Breakdown of Cultural Periods
Archaic Period 8000-500 BC
Archaic Period 8000-500 BC
The Archaic Period refers to the time between 8000 and 500 BC in the Native American history of Arkansas. As was the case in other regions in North America, Arkansas' Archaic Period was a long span of cultural development and innovation that transformed small-scale Paleoindian groups into the larger and more complex societies seen during the Woodland and Mississippian periods. Within the Archaic Period, archaeologists have identified more specific regional cultures, such as the Dalton, San Patrice, Tom's Brook, Big Creek, and Poverty Point cultures. These do not correspond directly to the tribes that lived in Arkansas during the Archaic period, but do show that Native American societies were adapting to different environments and to each other across Arkansas in new and distinct ways.

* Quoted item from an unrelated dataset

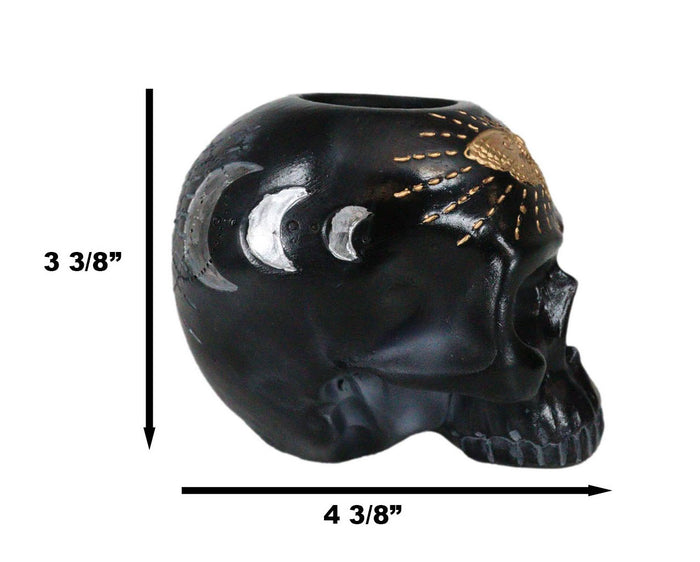 Ebros Gift Black Gothic Skull Skeleton With Golden Butterfly And Evil Eye Candle Holder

During the thousands of years after the last Ice Age, human populations increased and settled into a range of environments across Arkansas. For the most part, Indians in the Archaic Period lived in hunter-gatherer communities that hunted, fished, and collected wild animal and plant resources for food. But it is too simplistic to view these people as roving bands of hunters or as primitive cave dwellers foraging a meager subsistence from the wilderness. It was during the Archaic Period that people first domesticated plants that later became the staple grain crops of farmers. In some areas, communites became stable and sedentary, and ritual or sacred locations were marked with mounds and earthworks. Instead of moving across the landscape to use natural resources directly, some groups traded raw materials and craft objects across wide areas.
Construction of mounds and earthworks, once seen as a Woodland Period deveolopment, is now known to have taken place first in the Archaic Period. Unlike later in history, Archaic mounds were not used mainly for burial or as platforms for buildings, but instead marked important sacred places and designated public community space. One of the most famous mound sites in the area lies near Spiro, Oklahoma (which is a mere 22 miles from the Fort Smith National Historic Site). However, it has been proven that these mounds were actually constructed in the Mississippian period. One of the most famous mound sites in the region is Poverty Point in northeast Louisiana, and is known for its concentric semicircular earthworks, embankment, and mounds that date to several centuries around 1300 BC. Arkansas' candidate for the oldest mount site, Lake Enterprise, is conteporaneous with Poverty Point, according to current research.